Another round of applause for the Michigan and OSU programs for making this rivalry the Big 10 equivalent of UT v. Vandy, a more or less regional rivalry of no interest to anyone outside of Michigan and Ohio. Seems like only yesterday that the nation was hand-wringing in anticipation of this game, with E-SPIN prodding us along with a 48 hour “Countdown” clock.  Ahh….to be young again. 

Well, flock, we can all sit here and lament this lost weekend of football or we can seek to replenish our depleted emotional reserves in the manner that all Americans aspire to:  Helping others?  Fighting on?  Leading by example?  Don’t make me laugh.   By gambling on football on using the winnings to purchase ridiculous brand name crap we don’t need.  Let’s go…

Texas A & M (-6) v. Baylor: This is the official “My other car is…” game.  The implication, naturally, is that those who place one of these bumper stickers on  their cars don’t have an “other car,” and if they do, it’s a piece of crap.  Here, Baylor is the other car.  So, let’s complete the puzzle for the hard-of-thinking… Baylor’s other car is a myth or a piece of crap.  Aggies and the 12th man roll.

Vandy at UT (-17):  Another rivalry that isn’t.  This game is, however, a testament to SNL’s depravity, which is boundless.  Seriously, SNL hates Layla Kiffin’s Husband and his putrid program, but love UT against the spread.  The lesson?  Glad you asked:  Money trumps hatred.  UT wins big and all the convenience stores in Knoxville close the minute the game is over. 

LSU at Ole Miss (o42):  Ole Miss remains enigmatic and, like a heavily marketed Nick Cage flick, always seems to disappoint.  Still, McCluster is on a tear and LSU’s wideouts should have some success against the Rebs (assuming Jefferson plays).  And, the number seems relatively low.  In other words, there’s alot of ways to get to 42 points, especially with Dex on the field. 
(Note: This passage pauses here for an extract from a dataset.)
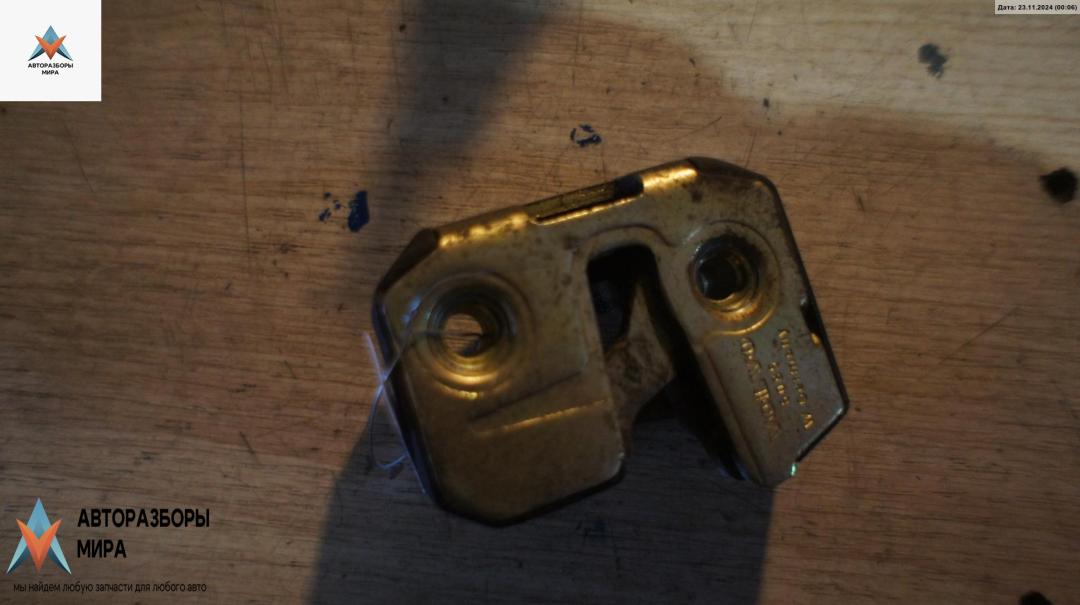 замок двери передней правой Volvo 760 1 поколение 1987, 2.8 л., бензин, АКПП, белый, универсал - фото №1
Final thoughts…a moment of silence for the PAC 1+9, which is dead from a national perspective.  Doubters of the veracity of this statement are encouraged to check tomorrow’s ratings for the ‘Zona v. Oregon matchup, will whill be lower than the Fox rerun of Cops.  Love ‘em or hate ‘em, USC’s national cache’ was the only thing that kept the PAC-10 in the national consciousness. 
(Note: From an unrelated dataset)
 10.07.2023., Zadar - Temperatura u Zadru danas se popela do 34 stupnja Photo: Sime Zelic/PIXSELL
As for the Boise, TCU, Cincinatti debacle…does anyone really care?  TCU certainly passes the eyeball test and could probably play with any on the top-3, but Cinci and Boise seem woefully inept on the defensive side of the ball and to make matter worse for the smurf-turf bunch, the schedule is laughable, not matter how big the MOV.  Naturally, Boise will play some BCS school that is under-motivated and disinterested, and might even win.  Following which the Boise allegiant will trumpet their program as the equal of any while the more rational towns folk scoff. 

-So Sayeth the Shepherd

Tags: ATS, BCS, BIG 10, Boise, Degenerate Gamblers, Layla Kiffin, SEC, TCU, Urban Meyer

Housekeeping…before we get to the picks, let’s clear the air on a few things that have upset members of the Flock.  Enough about Spikes!  It was a chippy game, he’s a good guy, and really, the only reason to be upset is because Pope Urban caved to pressure from national toolbags like Lupica, and Mike Golic and suspended him. 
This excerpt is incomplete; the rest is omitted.